» WHAT THE TASK REQUIRES
Transcribe all the lines below exactly. Omit the pictures.
◆ ◆ ◆ ◆
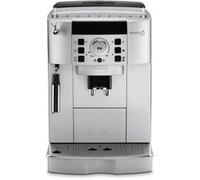De’Longhi Magnifica S ECAM20.110.B Entièrement automatique Machine à expresso 1,8 L
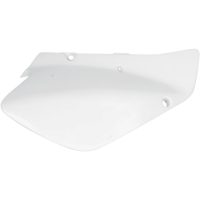 Sidopaneler UFO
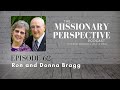 Ron and Donna Bragg | Episode 62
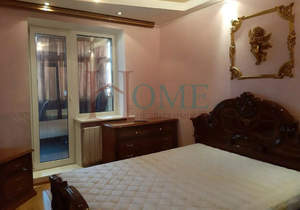 3-к квартира, на длительный срок, 67м2, 4/9 этаж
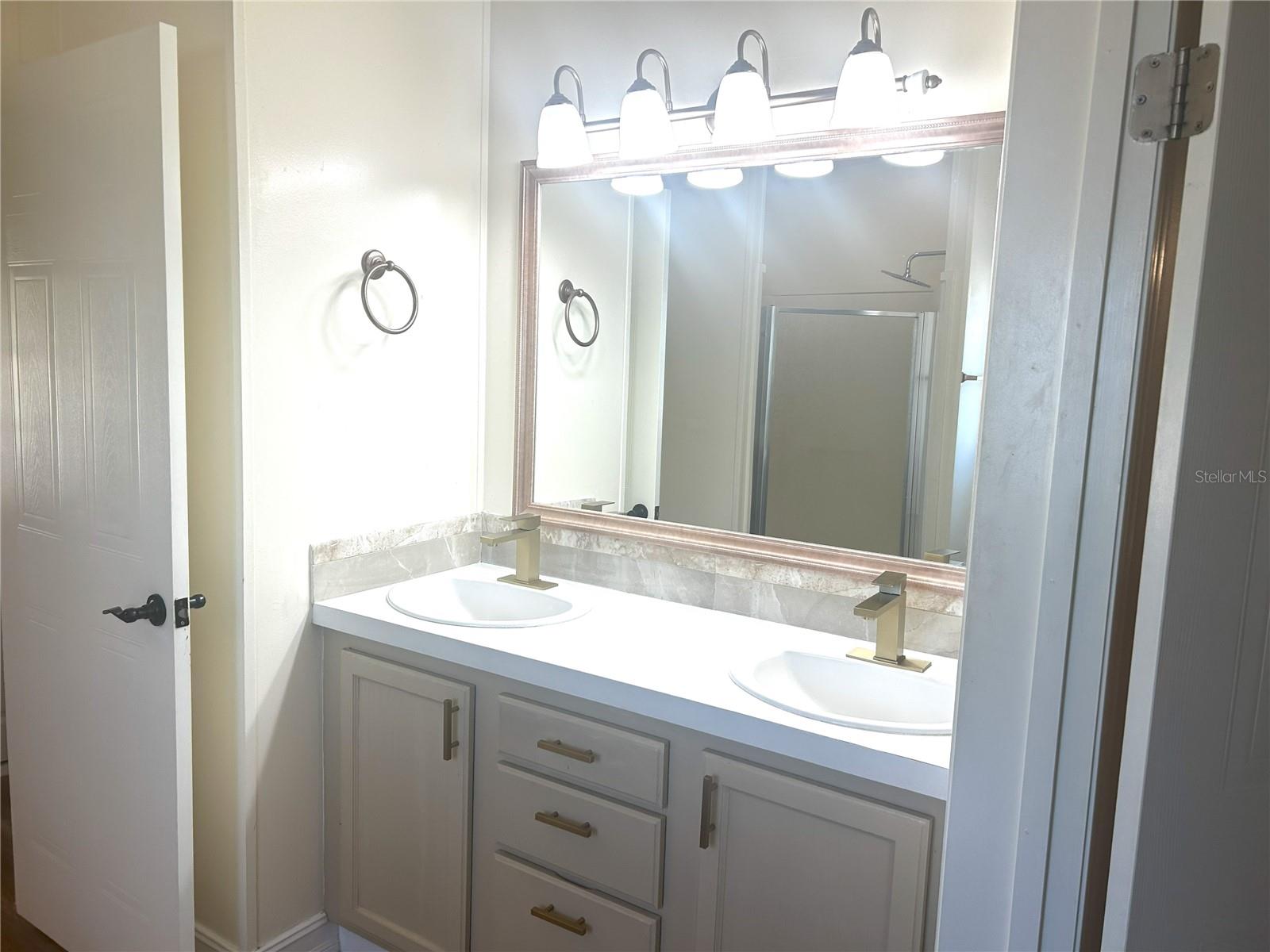 4967 LAS VEGAS DR, SARASOTA, FL, 34233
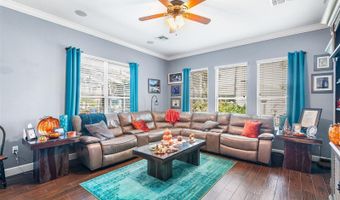 539 RENEE Dr, Auburndale, FL 33823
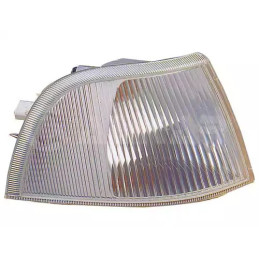 Indikatorius  ALKAR 2102516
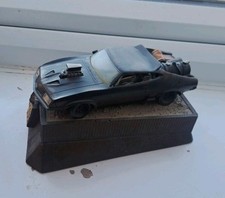 [Rare] Mad Max Fury Road Super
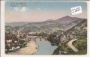 Konjic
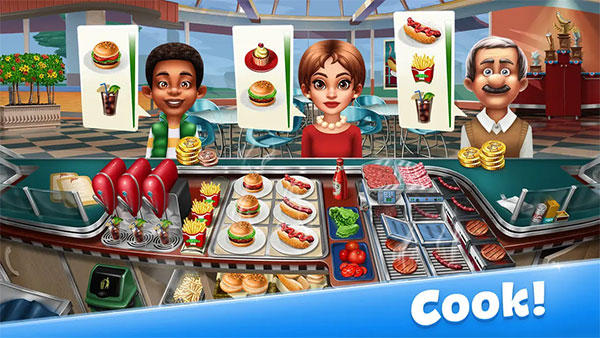 cooking fever1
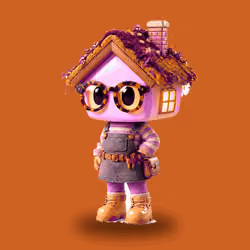 PonsGirl #8684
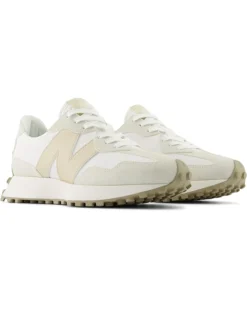 New Balance Classics 327 | Sneakers & Athletic Shoes 32 New Balance Classics 327 | Sneakers & Athletic Shoes -Shoes For Every Day 71AhO2iV9mL. AC SR736920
◆ ◆ ◆ ◆
» ANSWER TO THIS EXERCISE
De’Longhi Magnifica S ECAM20.110.B Entièrement automatique Machine à expresso 1,8 L
 Sidopaneler UFO
 Ron and Donna Bragg | Episode 62
 3-к квартира, на длительный срок, 67м2, 4/9 этаж
 4967 LAS VEGAS DR, SARASOTA, FL, 34233
 539 RENEE Dr, Auburndale, FL 33823
 Indikatorius  ALKAR 2102516
 [Rare] Mad Max Fury Road Super
 Konjic
 cooking fever1
 PonsGirl #8684
 New Balance Classics 327 | Sneakers & Athletic Shoes 32 New Balance Classics 327 | Sneakers & Athletic Shoes -Shoes For Every Day 71AhO2iV9mL. AC SR736920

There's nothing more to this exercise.